De gecertificeerde instelling verzocht om verlenging van de machtiging tot uithuisplaatsing tot het einde van het schooljaar, omdat de minderjarige recentelijk ziek was geweest en daardoor niet goed functioneerde op school. De moeder voerde verweer en stelde dat het thuis goed ging met de minderjarige en dat er geen noodzaak was voor verlenging van de machtiging. De kinderrechter heeft de argumenten van beide partijen afgewogen en geconcludeerd dat de gronden voor een machtiging tot uithuisplaatsing niet meer aanwezig zijn. De minderjarige woont inmiddels weer thuis en de gecertificeerde instelling heeft onvoldoende gemotiveerd waarom de machtiging verlengd zou moeten worden.
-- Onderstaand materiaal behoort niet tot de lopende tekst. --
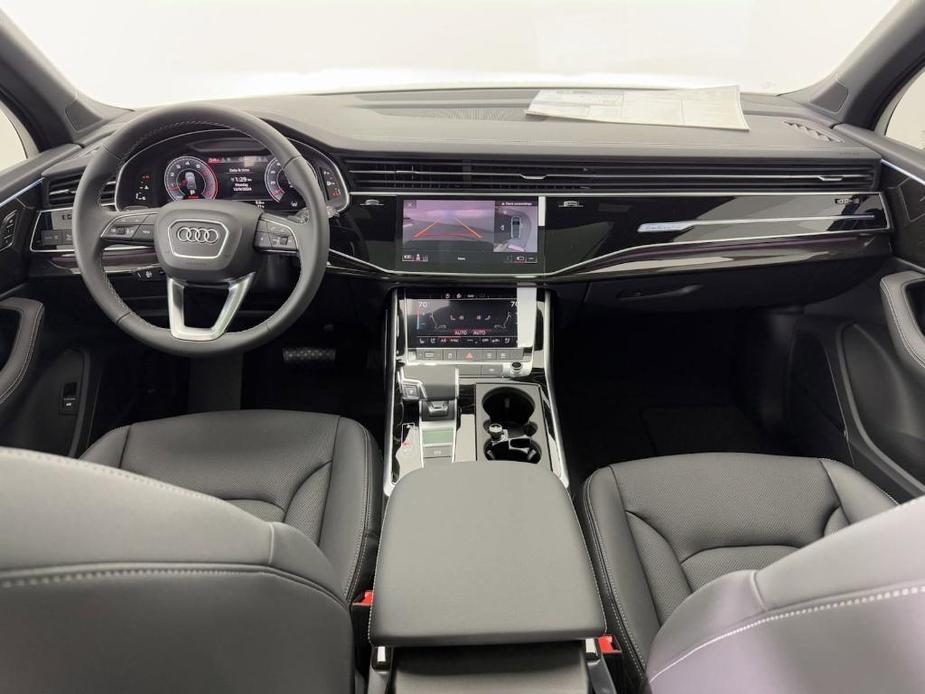 new 2025 Audi Q7 car, priced at $68,501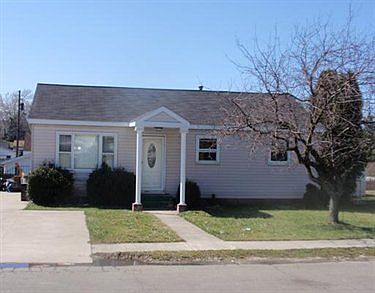 1st image of 3826 Essex Ave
De kinderrechter heeft daarom het verzoek tot verlenging van de machtiging tot uithuisplaatsing afgewezen. De beschikking is mondeling gegeven en in het openbaar uitgesproken, met de mogelijkheid voor hoger beroep binnen drie maanden na de uitspraak.

Uitspraak

Rechtbank DEN HAAG

Team Jeugd- en Zorgrecht
Zaaksgegevens: C/09/607339 / JE RK 21-243
Datum uitspraak: 28 april 2021

Beschikking van de kinderrechter

Afwijzing verlenging machtiging uithuisplaatsing

in de zaak naar aanleiding van het op 13 januari 2021 ingekomen verzoekschrift van:

William Schrikker Stichting Jeugdbescherming en Jeugdreclassering, hierna te noemen: de gecertificeerde instelling),

betreffende:
- [minderjarige], geboren op [geboortedag] 2005 te [geboorteplaats]
hierna te noemen: [minderjarige] .
De kinderrechter merkt als belanghebbende aan:
[de vrouw]
hierna te noemen: de moeder,
wonende te [woonplaats]
advocaat: mr. E.R. Schenkhuizen, te Den Haag.

Het procesverloop

Bij beschikking d.d. 3 maart 2021 van de kinderrechter in deze rechtbank is de ondertoezichtstelling van [minderjarige] verlengd tot 4 maart 2022 en de machtiging tot uithuisplaatsing van [minderjarige] in een accommodatie van een jeugdhulpaanbieder verlengd tot 1 mei 2021. De behandeling van het verzoek is voor het overige aangehouden tot deze zitting.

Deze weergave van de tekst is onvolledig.